**Recorded data**
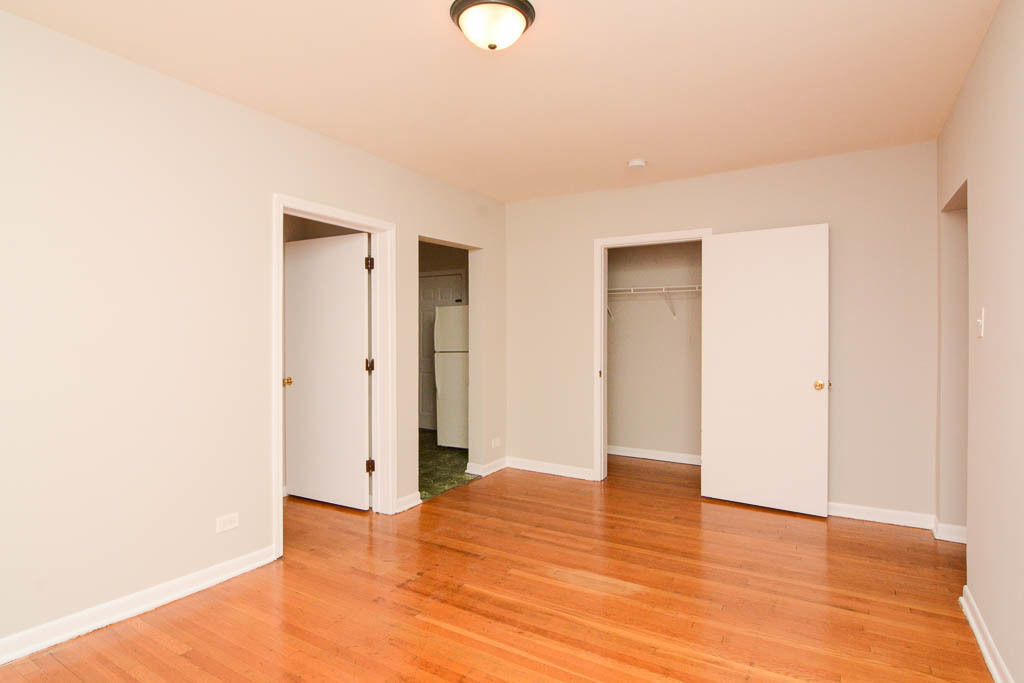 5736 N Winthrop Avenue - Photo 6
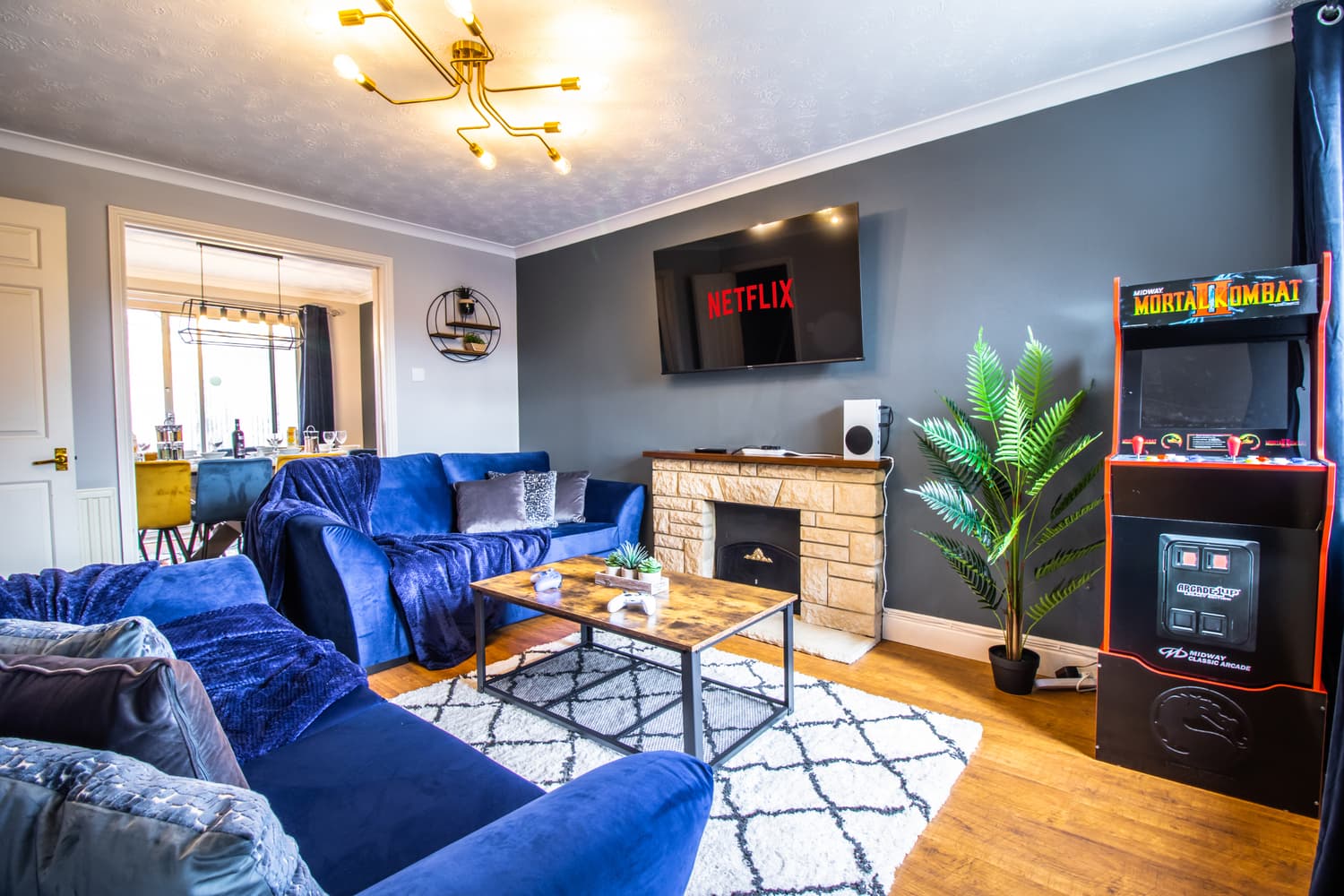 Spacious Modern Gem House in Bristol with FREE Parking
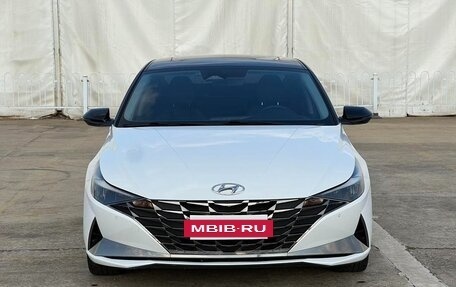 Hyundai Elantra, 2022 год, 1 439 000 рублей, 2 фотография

**Directions**
Output the full material above exactly, leaving every picture out.

**Finished exercise**
 5736 N Winthrop Avenue - Photo 6
 Spacious Modern Gem House in Bristol with FREE Parking
 Hyundai Elantra, 2022 год, 1 439 000 рублей, 2 фотография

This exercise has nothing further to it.